On Jan. 10 trustees voted to seek his removal from the board. An IMB press release said it was for lack of accountability and a loss of trust, but Burleson said charges read into the official record also included slander and gossip, which he denied.
Burleson has continued to post regularly to his Web log, which according to an on-screen counter has had more than 60,000 visitors since Dec. 10. On Saturday Burleson said he defends his original blog but wishes he had chosen different words.
“In hindsight, I regret some of the word choices in that post,” Burleson wrote. “I stand by everything I said, and will never apologize for saying it, but I just wish I would have said it softer.”
“The secular media and others pick out what they want, and rarely pay attention to the context of the words they choose to use,” he said. “Anyone who has read all my other posts knows I have a love for all my Southern Baptist friends, even those with whom I disagree.”
The new title is “Political Conservatives vs. Cooperating Conservatives: The Struggle for the Future of the Southern Baptist Convention.” In the rewrite Burleson uses “political” instead of “crusading” to describe trustees he says are using political power to impose doctrine and exclude fellow conservatives. He uses “struggle” in place of war and omits fighting words previously used to describe moderate Baptists and the Cooperative Baptist Fellowship.
In December Burleson wrote that 20 years ago “liberalism in the Southern Baptist Convention experienced her Waterloo” at the SBC annual meeting in Dallas.

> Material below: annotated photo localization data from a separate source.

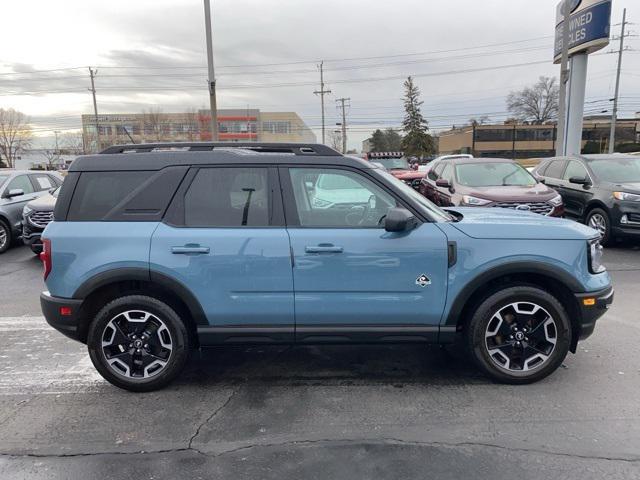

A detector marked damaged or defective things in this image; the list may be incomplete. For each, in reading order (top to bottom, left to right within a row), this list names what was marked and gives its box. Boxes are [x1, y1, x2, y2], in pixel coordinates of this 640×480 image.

crack in pavement [2, 436, 636, 464] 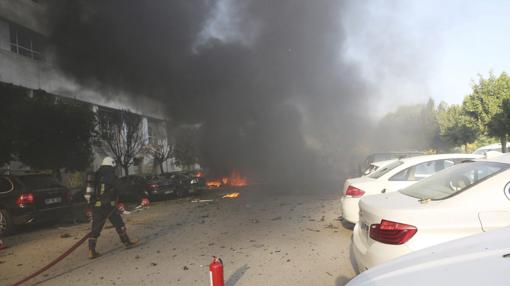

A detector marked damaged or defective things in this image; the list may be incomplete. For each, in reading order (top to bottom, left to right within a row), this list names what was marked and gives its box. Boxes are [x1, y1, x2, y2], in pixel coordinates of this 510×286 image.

burnt vehicle [0, 172, 72, 235]
burnt vehicle [118, 174, 150, 203] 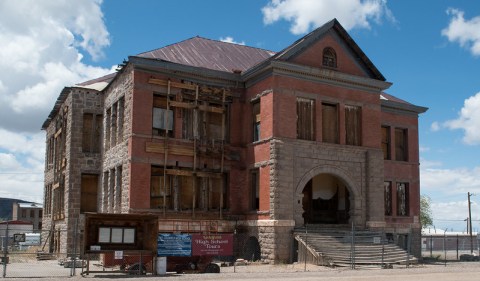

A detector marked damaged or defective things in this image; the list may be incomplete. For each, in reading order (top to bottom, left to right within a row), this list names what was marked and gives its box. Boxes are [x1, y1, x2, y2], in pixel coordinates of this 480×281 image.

rusted roof [137, 36, 276, 73]
broken window [322, 47, 338, 68]
broken window [82, 112, 102, 153]
broken window [153, 94, 173, 137]
broken window [296, 97, 316, 140]
broken window [322, 102, 338, 143]
broken window [344, 104, 360, 144]
broken window [80, 173, 98, 212] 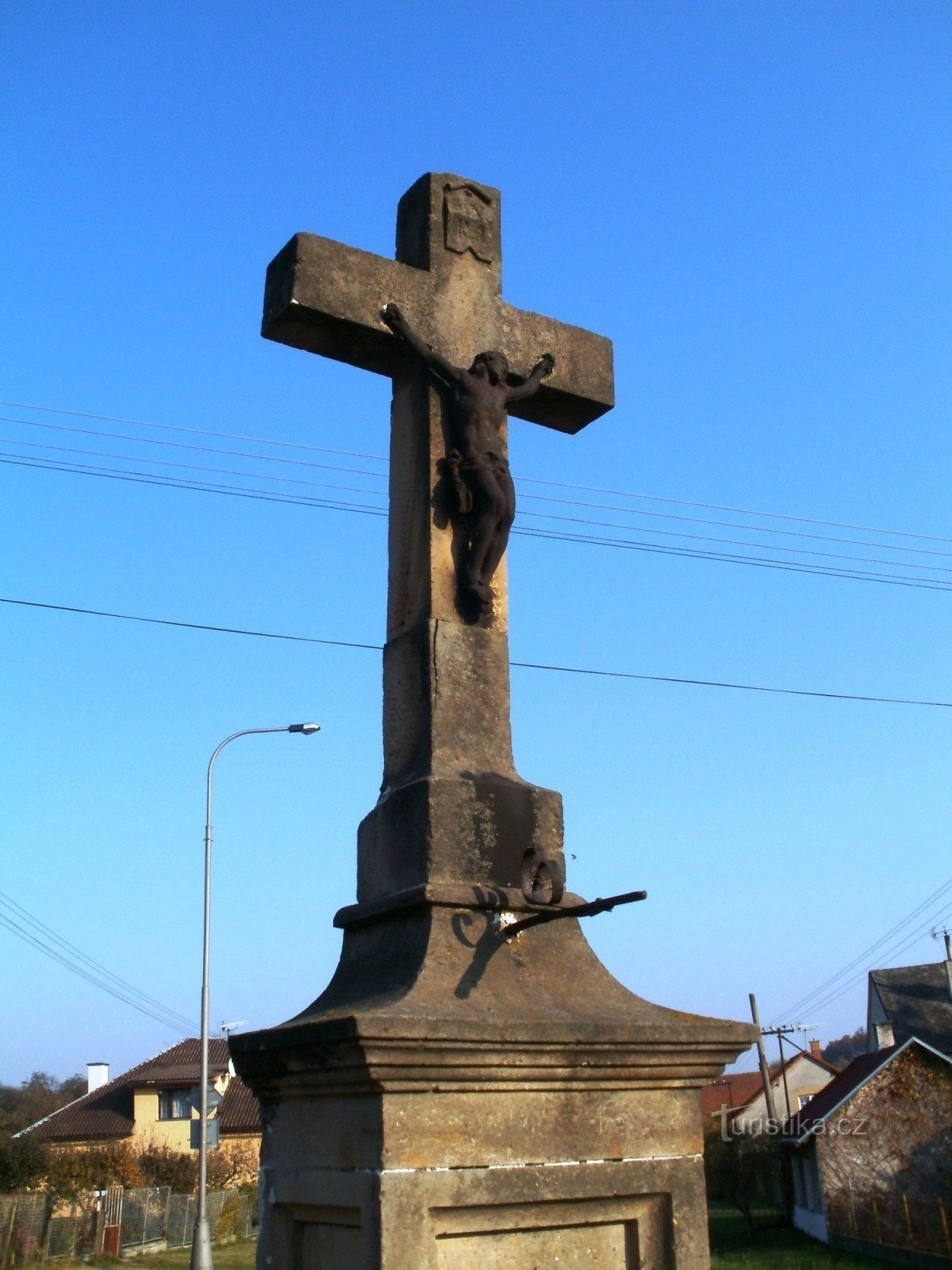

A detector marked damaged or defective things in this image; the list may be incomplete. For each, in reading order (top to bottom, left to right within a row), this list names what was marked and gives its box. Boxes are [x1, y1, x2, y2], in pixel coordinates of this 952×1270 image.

rusty metal bracket [500, 889, 650, 940] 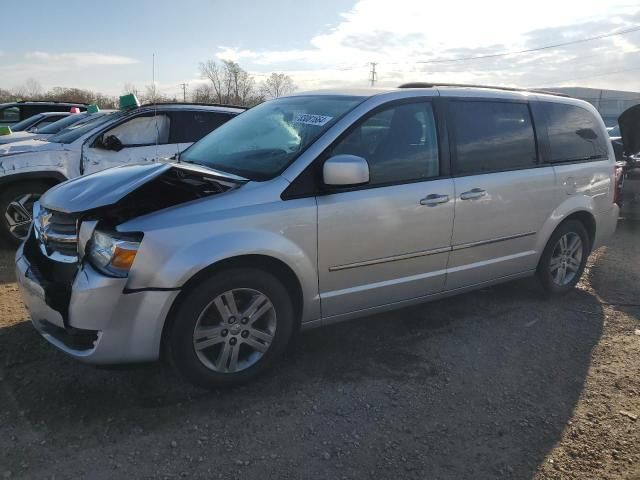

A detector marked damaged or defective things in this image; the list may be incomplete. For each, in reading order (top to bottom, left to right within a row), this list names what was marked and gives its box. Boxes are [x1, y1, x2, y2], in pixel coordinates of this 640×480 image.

crumpled hood [0, 139, 62, 156]
crumpled hood [616, 104, 640, 155]
crumpled hood [40, 162, 172, 213]
crumpled hood [40, 161, 245, 214]
broken headlight assembly [87, 230, 142, 278]
dented front quarter panel [117, 178, 320, 324]
damaged front bumper [15, 240, 180, 364] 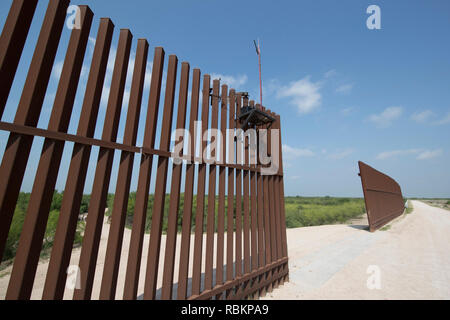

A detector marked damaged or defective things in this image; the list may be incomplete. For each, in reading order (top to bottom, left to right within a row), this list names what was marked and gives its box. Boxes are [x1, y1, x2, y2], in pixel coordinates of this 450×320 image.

rusty steel border fence [0, 0, 288, 300]
rusty steel border fence [356, 161, 406, 231]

The rephrased version terms the Dallas convention merely “a turning point.”
Before, he praised SBC leaders including Paul Pressler, Paige Patterson and Adrian Rogers for “snatching the SBC from the clenched jaws of dead neo-orthodoxy and restoring our seminaries, agencies and institutions.” He now credits the men with “charting our course as a convention for the decades to come.”
He still recounts nailing on the door of the organizational meeting of the Cooperating Baptist Fellowship of Oklahoma a “95 Theses Against Formation of the CBF.” But he now explains: “I consider everyone involved in the CBF a brother or sister in Christ, but I nailed the thesis on the door because I believed if someone is truly an evangelical conservative, then he or she should cooperate with the Southern Baptist Convention and not separate. Otherwise, separation from the SBC because of a denial of the inerrancy of God’s word is both appropriate and needed.”
Burleson said he still believes the SBC needed a “doctrinal course correction” but now admits he might have been naïve about tactics used in the conservative “resurgence.”
“A new war has begun” in the December posting is now “a new struggle is occurring within the SBC.”
Gone is the phrase, “It is a war initiated by conservatives; conservatives who somehow have forgotten how to put their swords in their respective sheaths.”
In its place Burleson now says: “It is a struggle initiated by some of my fellow conservatives; conservatives who somehow have forgotten that a strong belief in the Word of God should unite us in cooperation for the purpose of missions and evangelism.”
Burleson removed: “Conservatives who loved the battles of decades past have fallen victim to a crusading mentality of bloodthirst. Since all of the liberals are gone, conservative crusaders are now killing fellow conservatives.”
Instead the blog now says: “A few conservatives who sought to remove the denominational political powers of the past, have now themselves become the political powers, and have fallen victim to the belief that nothing can happen within the convention unless they give their approval. This control and political posturing is the antithesis of ministering and working in the empowerment of the Holy Spirit.”
Burleson said some conservatives are intent on pointing out “heresies” that are really just different interpretations of minor doctrines.
“I am writing a new post to replace the old one, using words that aren’t quite as militant,” Burleson explained in the rewrite. “It says the same thing as the previous post, just a little softer. Again, I regret my choice of words, but I do not apologize for making public my concerns. I believe self-criticism is healthy.”
Bob Allen is managing editor of EthicsDaily.com.